Top of Task data

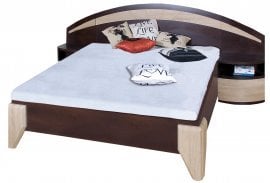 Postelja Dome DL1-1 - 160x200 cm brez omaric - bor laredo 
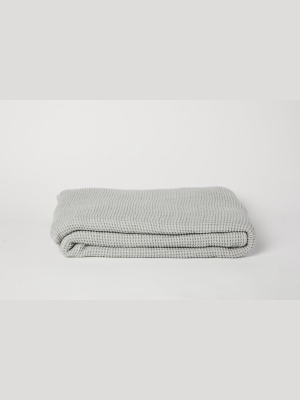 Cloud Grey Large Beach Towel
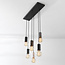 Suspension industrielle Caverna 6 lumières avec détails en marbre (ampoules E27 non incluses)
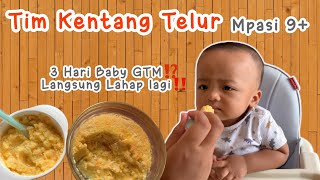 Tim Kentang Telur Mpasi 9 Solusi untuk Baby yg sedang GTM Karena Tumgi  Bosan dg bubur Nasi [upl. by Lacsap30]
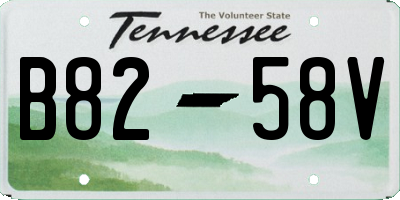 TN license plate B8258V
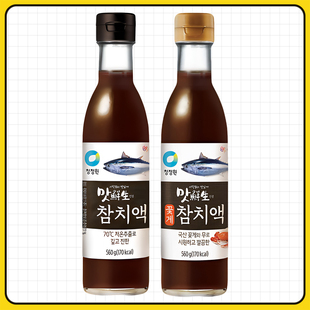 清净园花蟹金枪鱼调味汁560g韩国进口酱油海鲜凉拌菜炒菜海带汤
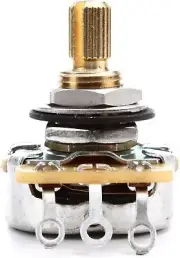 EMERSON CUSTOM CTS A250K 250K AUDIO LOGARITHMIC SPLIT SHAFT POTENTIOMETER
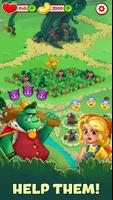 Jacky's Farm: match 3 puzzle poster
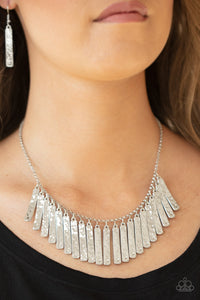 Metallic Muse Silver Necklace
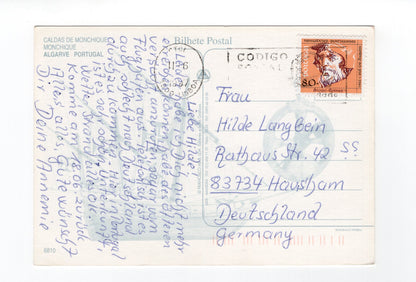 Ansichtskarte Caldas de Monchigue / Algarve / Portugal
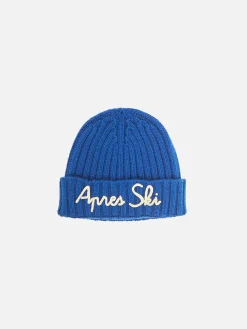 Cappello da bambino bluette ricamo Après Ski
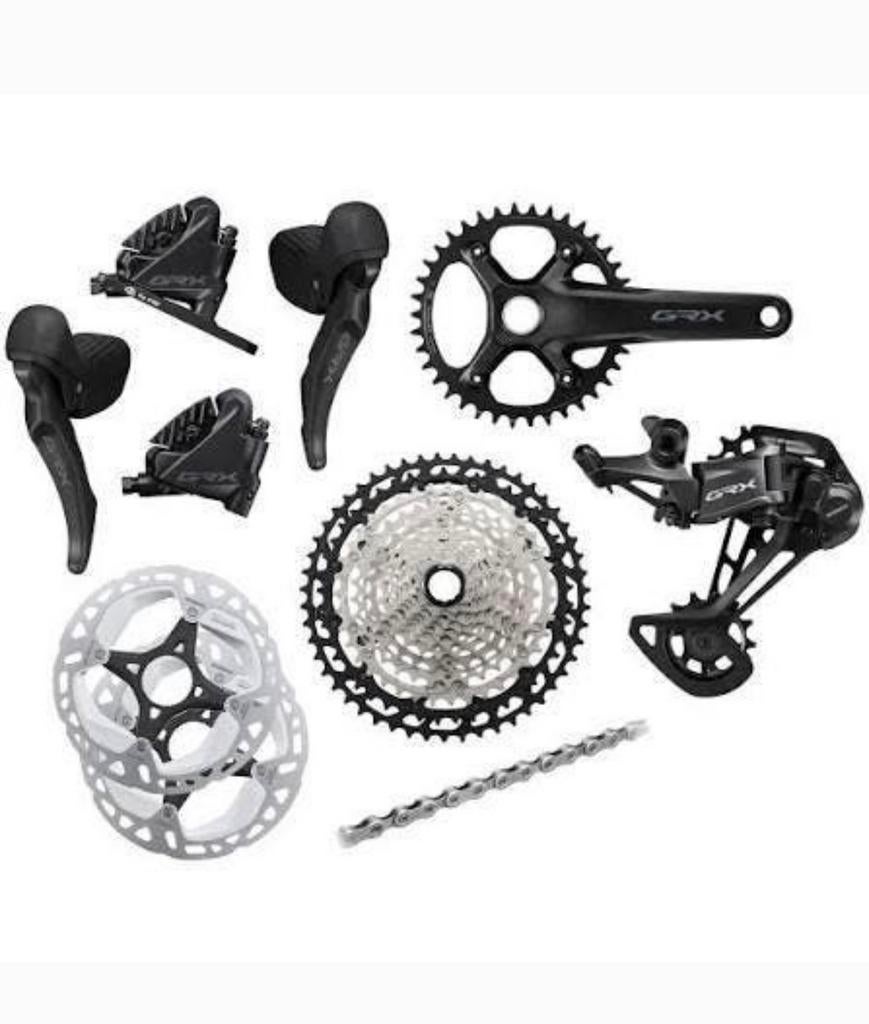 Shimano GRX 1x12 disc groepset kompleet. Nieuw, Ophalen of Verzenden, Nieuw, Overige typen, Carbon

Bottom of Task data
Top of Task data

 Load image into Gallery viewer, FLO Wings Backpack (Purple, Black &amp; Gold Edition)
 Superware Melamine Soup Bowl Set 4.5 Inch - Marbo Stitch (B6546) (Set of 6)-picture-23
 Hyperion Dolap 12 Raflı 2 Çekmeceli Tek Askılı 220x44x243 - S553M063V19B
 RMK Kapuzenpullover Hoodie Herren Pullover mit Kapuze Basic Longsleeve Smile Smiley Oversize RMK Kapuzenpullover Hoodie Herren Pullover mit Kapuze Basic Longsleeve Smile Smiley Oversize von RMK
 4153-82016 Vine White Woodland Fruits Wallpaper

Bottom of Task data
Top of Task data

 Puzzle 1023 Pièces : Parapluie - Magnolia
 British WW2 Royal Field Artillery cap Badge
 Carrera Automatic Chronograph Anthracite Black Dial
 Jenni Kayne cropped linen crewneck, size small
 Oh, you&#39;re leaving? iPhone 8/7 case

Bottom of Task data

#### [Problem to work on]
Leave out the images and write out the lines above exactly, from the one with "TN license plate B8258V" up to and including the one with "Cappello da bambino bluette ricamo Après Ski".

#### [Written solution]
 TN license plate B8258V
 清净园花蟹金枪鱼调味汁560g韩国进口酱油海鲜凉拌菜炒菜海带汤
 EMERSON CUSTOM CTS A250K 250K AUDIO LOGARITHMIC SPLIT SHAFT POTENTIOMETER
 Jacky's Farm: match 3 puzzle poster
 Metallic Muse Silver Necklace
 Ansichtskarte Caldas de Monchigue / Algarve / Portugal
 Cappello da bambino bluette ricamo Après Ski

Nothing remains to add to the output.